For more details about encoding, see our Asset encoding guide →

8. Game engine importing

Once you've taken your your assets all the way to encoding, they are ready for the game engine team to import into the real time environment.

Guidance for managing files within Unity or other real-time environments is out of the scope of this guide, as it relies heavily on your engine of choice.

Asset iteration process

Many assets throughout this process will be modified iteratively. For example, once you are evaluating the Depthkit asset in Unity, you may identify an aspect of the recording that can be improved, and may revisit upstream components like calibrations, color-corrections, mattes, and others, then re-process the recording for an improved result.

A useful organizational method is to assign versions to each component asset (e.g. Calibrations, Color Corrections, Mattes, Audio Clips, etc.) If a change is made to any underlying asset that is incorporated back into the Depthkit project, it is best to duplicate it before the change and then assign it a new unique version number. By doing this, you are able to trace any issues in the end result all the way back through the exact source versions that contributed to it.

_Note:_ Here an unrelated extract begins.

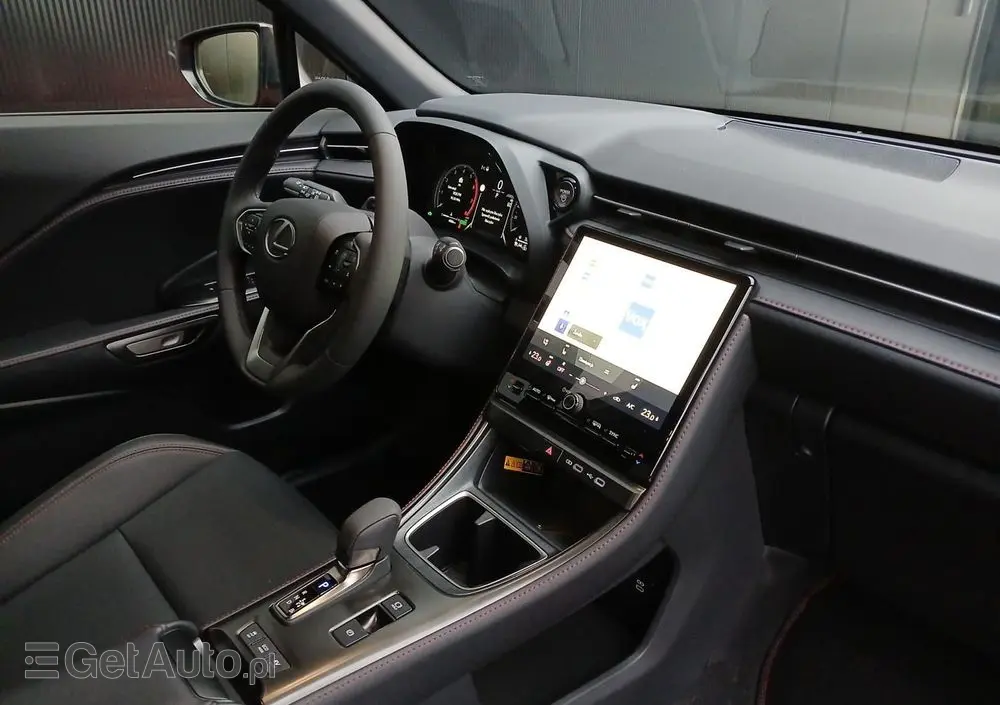 LEXUS LBX 1.5 Hybrid Emotion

Distributed work and source control

Some of these processes can be parallel tracked, but it is important to be precise with roles, responsibilities, and hand-off points to make sure there are no gaps or redundancies in the workflow. A good example of this is mattes and color corrections. These can be created concurrently as they both only rely on the original color video, and are incorporated into the Depthkit workflow at nearly the same stage.

When multiple people are working in the same project directory for complex projects, it is a good practice to use source control tools like Git to ensure one person's work doesn't conflict with another's.

With or without a formal source control tool, implement a 'checkout' system so that only one person is working on a specific part of the project at a time, and everyone knows who is working on which parts.

Delivery & archiving

When archiving a project, consolidate all project files, resources, and documentation into one location (or multiple for backup), and ensure your asset document is updated with accurate disk locations.

Use the checklist below to confirm that you have all of your resources gathered.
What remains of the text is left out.